|It’s the fastest SUV in the world. For now.|
|Not as sharp as a Porsche Macan. More expensive, too.|
Mercedes has not wasted any time proliferating AMG’s 4-litre ‘hotvee’ V8 engine throughout its increasingly vast model range, and this GLC 63 is the latest appointee. Like its C-class saloon cousin, the standard GLC does away with most attempts to offer a dynamic driving experience and focuses instead on a more serene approach, so how has the mid-sized premium SUV adapted to it reformed mantra? If AMG’s recent track record is anything to go by our expectations are high, and that is before taking into account that the GLC 63 will hold the title of the world’s fastest SUV when it reaches customers in January of next year. So will the GLC 63 return to AMG’s old hot-rod ways, or offer a more finessed driving experience that will be able to rival cars like the Porsche Macan Turbo and Alfa Romeo Stelvio QV?
Engine, transmission and 0-100 time
Under the bonnet you’ll find AMG’s familiar M177 4-litre twin-turbo V8. It’s the same basic unit found across the C 63 range and comes in the same two states of tune. The basic GLC 63 gets 469bhp and hits 100kph in four seconds flat, while the more powerful ‘S’ model pushes out 503bhp – shaving two tenths off the 0 to 100kph sprint. Selecting the AMG Driver’s Package (standard on the S) removes the car’s limiter and raises the top speed to 269kph (280kph on the S).
All cars use the firm’s new nine-speed multi-clutch (MCT) gearbox, transmitting power to all four wheels via Merc’s 4MATIC+ all-wheel drive system. Performance is unaffected whether you go for the regular SUV or the rakish GLC Coupe.
The centrepiece of any AMG Mercedes is the engine, and it’s no different when it comes to the GLC 63 and 63 S. The bellowing V8 is nothing short of a masterpiece, thundering into life like a clap of thunder. All models get air suspension, adaptive damping and configurable drive modes, too, though no amount of adjustment will make the AMG ride like its standard siblings. It’s simply too stiff to be called comfortable.

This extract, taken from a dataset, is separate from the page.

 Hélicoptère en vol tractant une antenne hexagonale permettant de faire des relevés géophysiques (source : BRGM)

Merc’s 4MATIC+ all-wheel-drive system allows the GLC to handle more like a rear-driven wagon than a lardy 4×4 thanks to fully variable torque distribution. Don’t let its size fool you – this thing will slip and slide with the best of them. A limited-slip diff and performance brakes complete the package, while carbon ceramics can be specified for an additional $5,615.
What’s it like to drive?
The Mercedes-AMG GLC 63 S has more than a hint of old-school muscle about it. That familiar bi-turbo 4.0-litre V8 is as brutish here as it is in any current AMG, offering class-defining acceleration and a soundtrack to match. Our car’s $1,310 sports exhaust added even more sense of occasion, and is well worth the extra cash.

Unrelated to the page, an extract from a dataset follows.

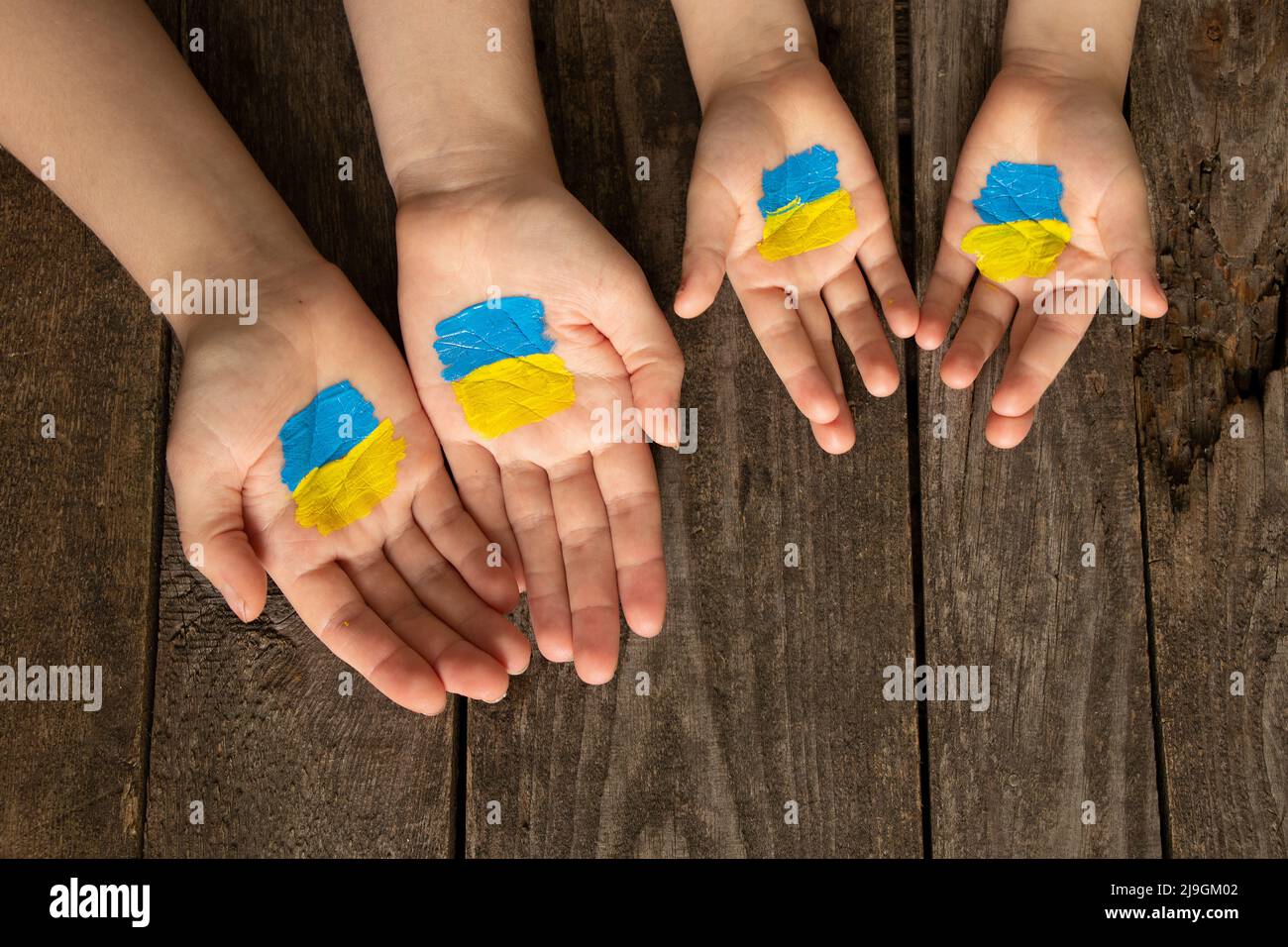 Mani di madre e bambino con bandiera blu-gialla disegnata dell'Ucraina. Legge marziale in Ucraina 2022. Fermare la guerra e la pace, popolo pacifico Ucraina, protesta ac Foto Stock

Flooring the throttle instantly sends the car’s weight rearwards, and as the nose rises the GLC pings effortlessly towards the horizon. It’s quite alarming how quick it is, sprinting to 100kph faster than a new Porsche Cayenne Turbo. Of course, size-wise the GLC is more comparable to the smaller Macan, and while it does a good job of hiding its bulk, it can’t match the Macan’s agility when the roads become more challenging. The GLC 63’s steering, while sharp and well weighted, feels twitchy around the straight-ahead and makes the tall SUV a little nervous on rough roads.
The gearbox fires through its ratios with rapid changes on the way up but can feel reluctant and lazy on the way back down. The sheer number of gears means there can be a delay when you plant the throttle, but plan your overtakes and the GLC is mind-bendingly fast. Perhaps most impressive is the 63’s dual personality; find yourself on a busy motorway and the GLC will settle into a hushed cruise.
Price and rivals
Prices for the Mercedes-AMG GLC 63 start from $90,320. But for that, you get ‘just’ 469bhp and 479lb ft of torque. The GLC 63 S (as tested here) is $99,165 – boasting the full 503bhp and 516lb ft. Edition 1 cars, with yellow stripes, ceramic brakes and 21-inch wheels start at $119,549.
Mercedes-AMG GLC 63 Coupe models command a premium of around $3,276 over the equivalent SUV. For comparison, the Porsche Macan Turbo fitted with the desirable Performance Package costs $91,086, while the forthcoming Alfa Romeo Stelvio Quadrifoglio should start from around $85,182 when it arrives in 2018.